▶ _Exercise requirements_:
What appears from the first line of the records below through the line containing "AC 110V/220V to" must be reproduced verbatim.

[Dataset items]
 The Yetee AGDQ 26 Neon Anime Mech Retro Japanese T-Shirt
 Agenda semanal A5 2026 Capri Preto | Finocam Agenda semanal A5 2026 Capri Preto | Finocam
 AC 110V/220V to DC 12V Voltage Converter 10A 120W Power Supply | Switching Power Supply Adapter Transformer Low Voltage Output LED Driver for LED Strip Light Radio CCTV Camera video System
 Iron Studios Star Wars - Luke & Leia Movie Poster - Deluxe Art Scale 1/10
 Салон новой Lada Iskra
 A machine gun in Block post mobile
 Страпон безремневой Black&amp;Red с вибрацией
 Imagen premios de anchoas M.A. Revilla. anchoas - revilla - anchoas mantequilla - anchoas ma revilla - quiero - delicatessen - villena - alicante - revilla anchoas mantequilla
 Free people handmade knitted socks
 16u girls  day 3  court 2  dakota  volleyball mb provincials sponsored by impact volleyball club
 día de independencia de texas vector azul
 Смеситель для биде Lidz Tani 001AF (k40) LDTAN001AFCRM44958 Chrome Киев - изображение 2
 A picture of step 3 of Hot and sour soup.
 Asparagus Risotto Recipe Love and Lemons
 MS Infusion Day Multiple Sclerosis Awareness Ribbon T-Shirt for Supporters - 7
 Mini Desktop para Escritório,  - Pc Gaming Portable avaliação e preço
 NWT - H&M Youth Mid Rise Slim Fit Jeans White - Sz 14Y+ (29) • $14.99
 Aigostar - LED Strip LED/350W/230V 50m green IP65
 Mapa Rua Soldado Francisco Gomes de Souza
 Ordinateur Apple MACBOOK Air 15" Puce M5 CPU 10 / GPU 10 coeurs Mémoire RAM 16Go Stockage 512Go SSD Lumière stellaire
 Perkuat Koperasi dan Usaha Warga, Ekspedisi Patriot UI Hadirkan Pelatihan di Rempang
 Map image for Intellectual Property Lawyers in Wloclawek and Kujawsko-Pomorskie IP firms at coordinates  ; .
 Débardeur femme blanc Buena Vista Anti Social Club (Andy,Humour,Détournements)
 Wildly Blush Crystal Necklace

▶ _Expected output_:
 The Yetee AGDQ 26 Neon Anime Mech Retro Japanese T-Shirt
 Agenda semanal A5 2026 Capri Preto | Finocam Agenda semanal A5 2026 Capri Preto | Finocam
 AC 110V/220V to DC 12V Voltage Converter 10A 120W Power Supply | Switching Power Supply Adapter Transformer Low Voltage Output LED Driver for LED Strip Light Radio CCTV Camera video System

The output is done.